Sarah Teresa Cook

This piece was written by a former Vital Reset client who was able to access our services because of a Sheri Eckert Foundation Scholarship. It is shared here with permission.

Good Conditions

by Sarah Teresa Cook

I almost missed the window for my psilocybin journey.

Not because I didn’t believe in its efficacy or refused to do the work it would require. Nor was it an issue of legality: supervised therapeutic psilocybin use had been legalized in the state of Oregon four years prior, back in November of 2020.

I almost missed my window because timing—real timing, the kind that lives in bodies, bank accounts, and nervous systems—is fragile. It opens briefly, sometimes without warning. And if the conditions aren’t lined up just right, it closes again.

Indigenous cultures speak about readiness, both of land and body. In Buddhism, they describe it as conditions over destiny—how opportunities arise only when the necessary context is in place. In Jewish mysticism, they talk about a ripening of time. Even clinical psychology has its parallel version: the “window of tolerance” that each of us carries within, informed by our vagal tone’s flexibility or lack thereof.

I reach for something at the intersection of all four when describing my psilocybin journey at Vital Reset on August 9, 2024—the lack thereof that had ruled my life up until then, and the river of flexibility that followed.

It was, to put it bluntly, a life-changing experience. And it only happened because I was a recipient of a Sheri Eckhart scholarship, which funded my journey in full.

As a result, the window opened, and I stepped through.

Six months earlier, at the age of 36, I’d been diagnosed with autism. Nearing the fourth decade of my life, I’d already tried every healing modality I could afford: talk therapy, somatic work, yoga and mindfulness, EMDR, the I Ching, intense journaling and creativity, oracle cards, painstaking dream documentation.

Post-diagnosis, I finally had an accurate framework: my brain, I now understood, was not broken or bad, just differently wired. The prep work, the trip itself, and the integration that followed my psilocybin journey helped expand and deepen these brand new perspectives for me; these weren’t just pretty ideas that would flit in and out of my logical brain, but lived truths I could learn to carry in my body.

Speaking of the body: for years and years I’d been told that I was not my feelings. It’s a familiar idea, one I understood intellectually with little effort. If I’d been given a dollar every time a helpful professional said this to me, I could have funded the mushroom journey myself.

But healing does not happen from the outside in. It happens from the inside out.

During my psilocybin journey, I didn’t learn a new concept. I gained a bodily point of reference. I learned what it feels like, in my gut and chest and shoulders, to have a feeling without being overtaken by it. To experience feelings as things I am with, not things that I am.

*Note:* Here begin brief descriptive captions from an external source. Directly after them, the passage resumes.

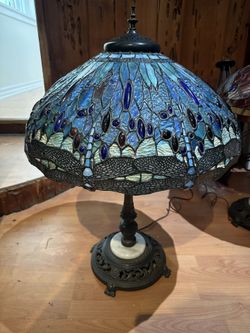 Handmade Tiffany-Style Stained Glass Dragonfly Lamp (Ocean Blue)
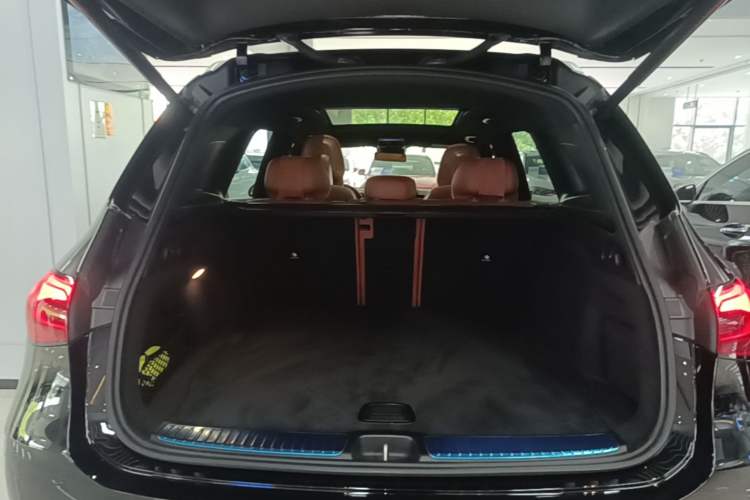Used Mercedes-Benz GLC 2023 Refreshed GLC 300 L 4MATIC Dynamic Edition 5 Seats Trunk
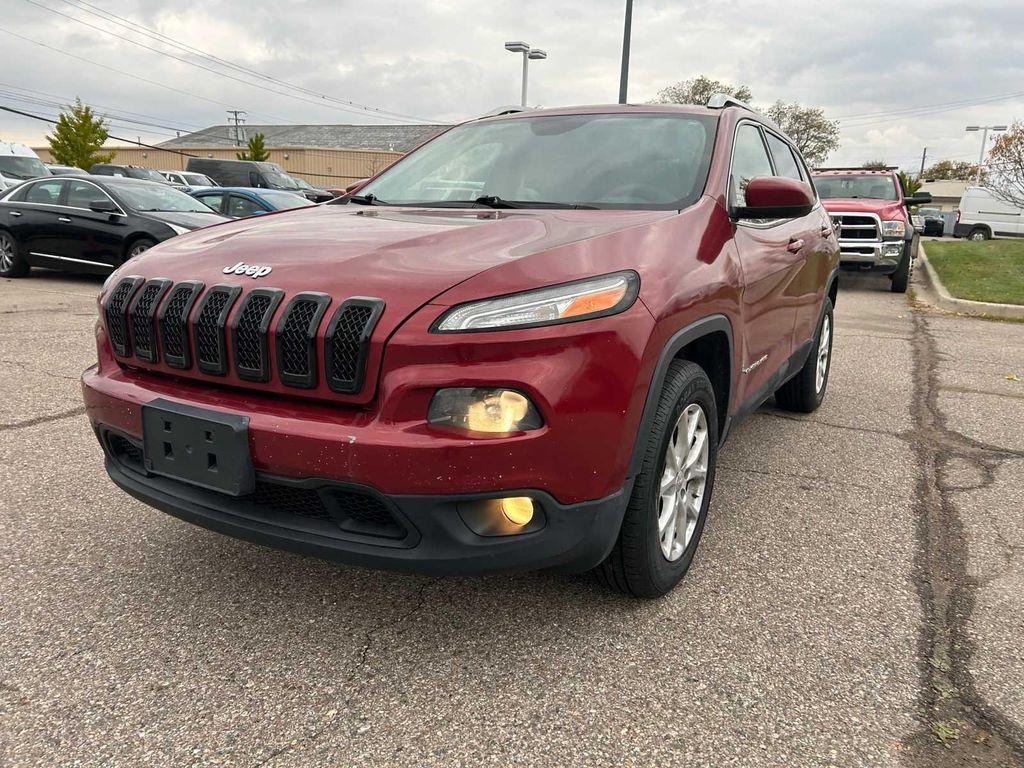 used 2015 Jeep Cherokee car, priced at $7,325
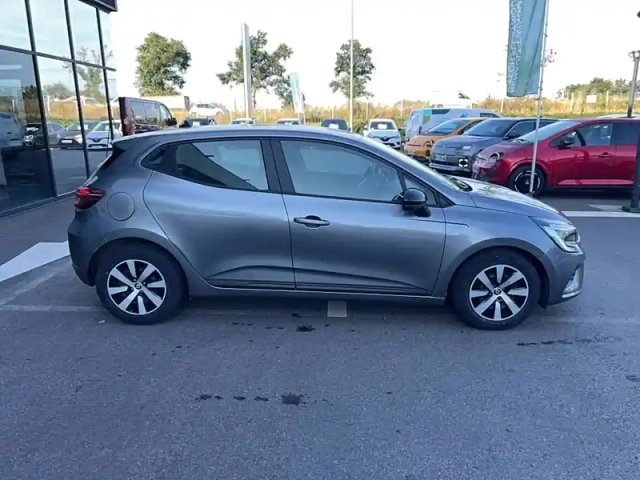 Renault Clio tce 90 — photo 15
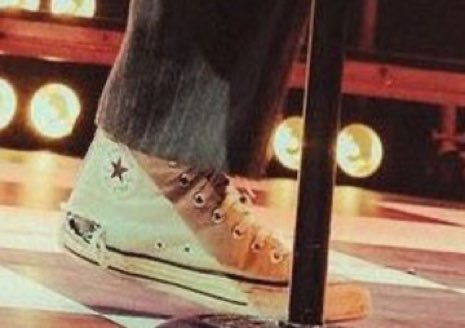 chaosmikhailo's tweet photo. a veces echo de menos esa temporada donde luke no soltaba sus converse roñosas que se le caían a pedazos y arregló con cinta aislante https://t.co/7RVM1HnAEh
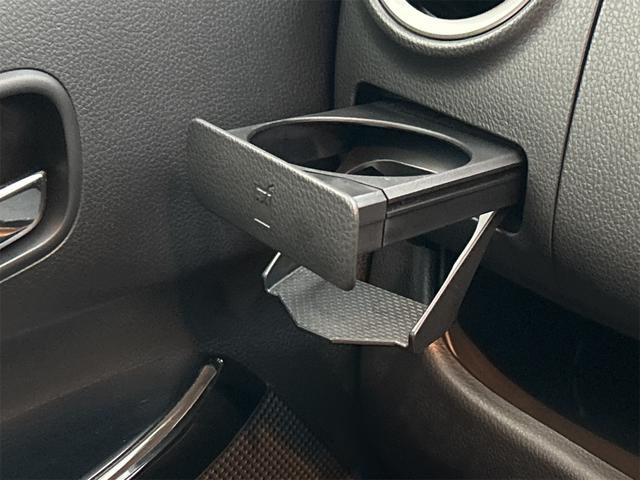 デイズ ハイウェイスター　Ｇターボ　ドライブレコーダー　ＥＴＣ　全周囲カメラ　衝突被害軽減システム　オートマチックハイビーム　オートライト　ＨＩＤ　スマートキー　アイドリングストップ　電動格納ミラー　ベンチシート　ＣＶＴ（38枚目）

Most memorably, I saw that all feelings are made of the same substance. Tears roll into laughter, which rolls into anger, euphoria, contentment. The boundaries between them, it turns out, are nearly nonexistent. It’s a knowing that now lives in my body, and more than a year later, I still consult this internal reference point. I still pull it up when I’m deep in grief or self-judgment, or when I’m dysregulated in the ways that are a normal part of my neurodivergent life.

All those years of reading, studying, learning, being in and out of traditional therapy helped, but they weren’t enough. They provided a soil that was technically fine, but desperate for a little more water and air, for a fertilizer that could go deeper and finally allow something healthier to take root. Everything I’d done in my life had led me to that ripened moment, when the mushrooms stepped in and said, ok, let’s really do this now. The timing was right. My body was ready. The only thing missing was access.

Now I sit here writing to you on the other side of that window. I still feel hard things. I still have bad days. I still experience the high highs and low lows of being a deeply sensitive person moving through a neurotypical world.

But I fall outside of myself far less often, anchored as I am by an internal point of reference I didn’t have before. One that reminds me, in my body, that feelings move, that I can be with them without becoming them, and that I am not broken by or beholden to their presence.

This is what access to psilocybin made possible for me.

When the timing was right, and my body was ready, donors I will likely never meet helped hold the door open. My hope is that by sharing this story, more doors can remain open for others whose windows are brief, whose readiness is real, and whose healing depends not on willpower, but good conditions.